• Exercise brief
Please copy each line below that contains the word "Lilly".

*** Opening of Extracted data ***

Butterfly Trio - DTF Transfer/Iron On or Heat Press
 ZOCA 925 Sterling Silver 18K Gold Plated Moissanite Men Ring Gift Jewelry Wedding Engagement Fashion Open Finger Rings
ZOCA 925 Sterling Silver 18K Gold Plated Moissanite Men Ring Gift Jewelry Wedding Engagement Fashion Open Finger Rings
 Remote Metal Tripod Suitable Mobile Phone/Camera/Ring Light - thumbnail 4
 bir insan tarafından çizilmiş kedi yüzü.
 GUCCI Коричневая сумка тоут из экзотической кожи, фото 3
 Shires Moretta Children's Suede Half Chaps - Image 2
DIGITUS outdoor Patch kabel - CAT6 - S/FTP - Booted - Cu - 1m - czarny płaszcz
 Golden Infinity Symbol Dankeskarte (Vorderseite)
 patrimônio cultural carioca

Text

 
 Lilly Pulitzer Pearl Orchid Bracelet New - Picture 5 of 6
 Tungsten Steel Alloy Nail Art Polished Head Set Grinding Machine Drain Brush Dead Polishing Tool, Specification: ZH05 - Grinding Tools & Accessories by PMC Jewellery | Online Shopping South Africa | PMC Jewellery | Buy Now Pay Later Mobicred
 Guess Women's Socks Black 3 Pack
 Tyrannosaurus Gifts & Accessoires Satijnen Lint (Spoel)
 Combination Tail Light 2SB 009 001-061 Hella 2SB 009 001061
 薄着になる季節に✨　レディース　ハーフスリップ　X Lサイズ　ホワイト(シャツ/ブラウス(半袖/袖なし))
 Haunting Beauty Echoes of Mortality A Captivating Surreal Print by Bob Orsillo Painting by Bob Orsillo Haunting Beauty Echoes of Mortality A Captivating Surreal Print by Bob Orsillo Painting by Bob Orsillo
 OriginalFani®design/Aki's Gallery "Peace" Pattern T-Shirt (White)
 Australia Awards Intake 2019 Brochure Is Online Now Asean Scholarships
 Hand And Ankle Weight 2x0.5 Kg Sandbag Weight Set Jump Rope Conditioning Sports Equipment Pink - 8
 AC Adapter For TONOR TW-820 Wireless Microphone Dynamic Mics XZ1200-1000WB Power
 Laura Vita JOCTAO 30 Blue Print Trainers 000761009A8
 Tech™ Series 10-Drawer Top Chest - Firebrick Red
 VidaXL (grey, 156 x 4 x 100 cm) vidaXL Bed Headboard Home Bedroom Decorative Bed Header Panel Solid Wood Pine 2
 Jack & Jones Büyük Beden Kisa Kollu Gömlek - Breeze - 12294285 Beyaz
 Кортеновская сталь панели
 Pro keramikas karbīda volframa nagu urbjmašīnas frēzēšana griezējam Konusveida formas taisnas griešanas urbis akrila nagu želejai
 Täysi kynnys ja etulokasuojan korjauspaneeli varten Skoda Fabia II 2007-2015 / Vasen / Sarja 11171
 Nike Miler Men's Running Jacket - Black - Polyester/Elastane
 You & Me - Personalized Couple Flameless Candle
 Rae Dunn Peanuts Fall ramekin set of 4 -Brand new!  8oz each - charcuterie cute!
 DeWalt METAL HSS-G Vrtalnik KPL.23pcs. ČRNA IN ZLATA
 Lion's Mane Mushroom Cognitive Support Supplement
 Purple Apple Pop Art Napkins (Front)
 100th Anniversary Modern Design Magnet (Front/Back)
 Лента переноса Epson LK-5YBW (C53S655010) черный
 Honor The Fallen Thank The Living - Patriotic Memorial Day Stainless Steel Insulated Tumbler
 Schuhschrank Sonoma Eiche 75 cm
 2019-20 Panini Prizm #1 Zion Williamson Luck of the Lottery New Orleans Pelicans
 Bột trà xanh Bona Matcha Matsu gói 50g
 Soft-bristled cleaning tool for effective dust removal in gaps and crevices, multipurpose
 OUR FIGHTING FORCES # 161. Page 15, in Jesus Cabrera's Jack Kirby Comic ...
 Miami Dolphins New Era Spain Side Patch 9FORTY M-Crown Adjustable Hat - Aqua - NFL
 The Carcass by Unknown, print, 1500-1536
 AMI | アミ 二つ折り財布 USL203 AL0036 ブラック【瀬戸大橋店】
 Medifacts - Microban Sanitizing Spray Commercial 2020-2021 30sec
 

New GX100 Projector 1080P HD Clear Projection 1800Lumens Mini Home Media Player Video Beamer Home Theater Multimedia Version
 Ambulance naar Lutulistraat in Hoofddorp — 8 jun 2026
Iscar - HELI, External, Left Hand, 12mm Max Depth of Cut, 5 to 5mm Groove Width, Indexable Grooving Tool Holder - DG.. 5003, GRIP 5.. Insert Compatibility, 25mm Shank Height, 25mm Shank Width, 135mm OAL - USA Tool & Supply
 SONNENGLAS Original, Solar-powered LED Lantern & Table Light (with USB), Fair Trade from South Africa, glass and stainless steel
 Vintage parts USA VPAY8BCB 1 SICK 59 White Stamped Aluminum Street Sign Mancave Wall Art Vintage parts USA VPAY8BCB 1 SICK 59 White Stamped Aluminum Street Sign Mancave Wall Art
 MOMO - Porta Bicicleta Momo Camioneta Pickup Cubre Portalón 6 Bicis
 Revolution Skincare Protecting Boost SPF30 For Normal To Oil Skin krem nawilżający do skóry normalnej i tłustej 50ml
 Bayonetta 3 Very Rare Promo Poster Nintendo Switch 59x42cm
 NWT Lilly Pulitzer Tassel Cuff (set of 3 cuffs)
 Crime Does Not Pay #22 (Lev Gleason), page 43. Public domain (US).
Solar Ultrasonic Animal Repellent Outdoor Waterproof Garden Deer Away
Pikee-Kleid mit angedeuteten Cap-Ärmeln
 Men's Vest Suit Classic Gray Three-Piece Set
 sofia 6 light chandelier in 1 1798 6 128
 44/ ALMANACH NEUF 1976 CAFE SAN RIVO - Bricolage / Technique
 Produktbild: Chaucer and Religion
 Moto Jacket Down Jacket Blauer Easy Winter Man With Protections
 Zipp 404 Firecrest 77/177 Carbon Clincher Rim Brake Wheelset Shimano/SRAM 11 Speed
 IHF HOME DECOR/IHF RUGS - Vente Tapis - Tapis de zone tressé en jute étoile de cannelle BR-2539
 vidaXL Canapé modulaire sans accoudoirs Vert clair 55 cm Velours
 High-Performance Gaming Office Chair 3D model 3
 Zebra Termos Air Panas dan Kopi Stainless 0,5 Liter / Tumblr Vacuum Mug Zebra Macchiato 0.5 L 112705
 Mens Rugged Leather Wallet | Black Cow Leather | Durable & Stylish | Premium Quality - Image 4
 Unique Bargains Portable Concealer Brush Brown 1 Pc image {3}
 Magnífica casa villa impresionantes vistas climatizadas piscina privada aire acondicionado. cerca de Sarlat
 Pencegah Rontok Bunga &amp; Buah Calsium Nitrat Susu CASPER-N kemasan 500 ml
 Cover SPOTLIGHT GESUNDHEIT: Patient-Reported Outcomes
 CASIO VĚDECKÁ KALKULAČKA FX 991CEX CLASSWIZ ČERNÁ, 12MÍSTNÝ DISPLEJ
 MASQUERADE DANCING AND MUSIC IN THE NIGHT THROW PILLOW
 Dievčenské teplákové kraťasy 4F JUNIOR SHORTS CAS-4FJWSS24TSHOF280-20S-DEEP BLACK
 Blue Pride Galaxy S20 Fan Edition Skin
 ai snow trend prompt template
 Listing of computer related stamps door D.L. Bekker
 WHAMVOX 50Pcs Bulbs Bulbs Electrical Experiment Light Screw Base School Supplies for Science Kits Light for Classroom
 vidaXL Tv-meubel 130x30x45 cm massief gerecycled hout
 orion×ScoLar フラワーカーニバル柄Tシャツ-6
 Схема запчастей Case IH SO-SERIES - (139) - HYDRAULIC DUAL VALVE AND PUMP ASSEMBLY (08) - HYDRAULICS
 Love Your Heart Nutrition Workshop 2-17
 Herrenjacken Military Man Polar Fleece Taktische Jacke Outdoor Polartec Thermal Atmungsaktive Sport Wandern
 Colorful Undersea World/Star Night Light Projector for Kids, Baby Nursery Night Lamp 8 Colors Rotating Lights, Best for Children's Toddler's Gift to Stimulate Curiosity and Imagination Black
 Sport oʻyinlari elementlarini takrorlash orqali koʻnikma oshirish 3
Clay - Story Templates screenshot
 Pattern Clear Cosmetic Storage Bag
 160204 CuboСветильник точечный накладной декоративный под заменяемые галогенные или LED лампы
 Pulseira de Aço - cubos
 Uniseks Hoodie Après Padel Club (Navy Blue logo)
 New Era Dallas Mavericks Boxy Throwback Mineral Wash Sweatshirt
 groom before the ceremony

*** Close of Extracted data ***

• Finished task
 Lilly Pulitzer Pearl Orchid Bracelet New - Picture 5 of 6
 NWT Lilly Pulitzer Tassel Cuff (set of 3 cuffs)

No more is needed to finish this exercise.